Malgré le succès phénoménal que rencontre
la série «Lanfeust», Didier Tarquin n’a
pas la grosse tête et reste quelqu’un de très
abordable.
«J’ai toujours voulu faire ce métier-là et
je suis ravi de mon sort ; cependant, il est vrai que, quand
les rêves de gosses se matérialisent tout d’un
coup, comme cela, c’est grisant : on perd le sens des réalités.

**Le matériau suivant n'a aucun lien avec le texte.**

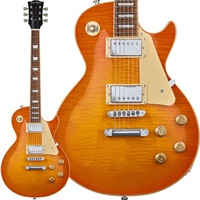 G-LP-STD (Honey Sunburst)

On se découvre ce que j’appelle «des nouveaux
copains de maternelle» : plein de gens qui me parlent comme
s’ils me connaissaient depuis toujours… Il faut être
indulgents car ces gens-là sont contents et ne sont peut-être
pas assez entourés pour se rendre compte qu’ils
dérapent, alors que je n’ai qu’un laps de
temps très court à leur consacrer. Ce n’est
pas évident : on est seulement des humains, quoi ! Quand
on est passionné, cela peut prendre des proportions énormes,
surtout dans les séances de dédicaces. Pourtant,
j’aime bien cet exercice, d’autant plus que j’ai
innové avec le coup de la roue : il y a huit cases différentes
dont une où la personne recule d’une place dans
la file d’attente, une où c’est le dernier
qui passe devant tout le monde, une où l’on prend
la 10ème ou la 20ème place etc. ; et on fait tourner
la roue toutes les deux dédicaces ! Ceci dit, c’est
très délicat car il y a toujours un grand nombre
de gens qui restent frustrés. Même quelqu’un
de très rapide va mettre entre 4 et 5 minutes pour réaliser
une dédicace et si, comme moi, on est extrêmement
bavard, en une heure, on ne va contenter que 10 personnes. Cela
peut même être plus long car je suis aussi là pour
rencontrer les gens : j’aime ça car j’ai envie
de parler, tant pis pour ceux qui attendent. J’ai essayé d’aller
plus vite mais cela ne marche pas : c’est moi qui suis
frustré ! En plus, ce n’est pas toujours facile
de gérer les flux : je me souviens de séances mémorables,
avec Jean-Louis Mourier (le dessinateur de «Trolls de Troy»),
où l’on se retrouvait face à un troupeau
de bisons, alors que l’on est là pour passer un
bon moment, pas pour se foutre sur la gueule. La dédicace,
c’est juste un petit prétexte pour se rencontrer.
Ceci dit, j’ai aussi un système de dédicaces
par correspondance : je ne vois pas les gens et je fais ça
entre mon chocolat chaud et la vision d’un dessin animé.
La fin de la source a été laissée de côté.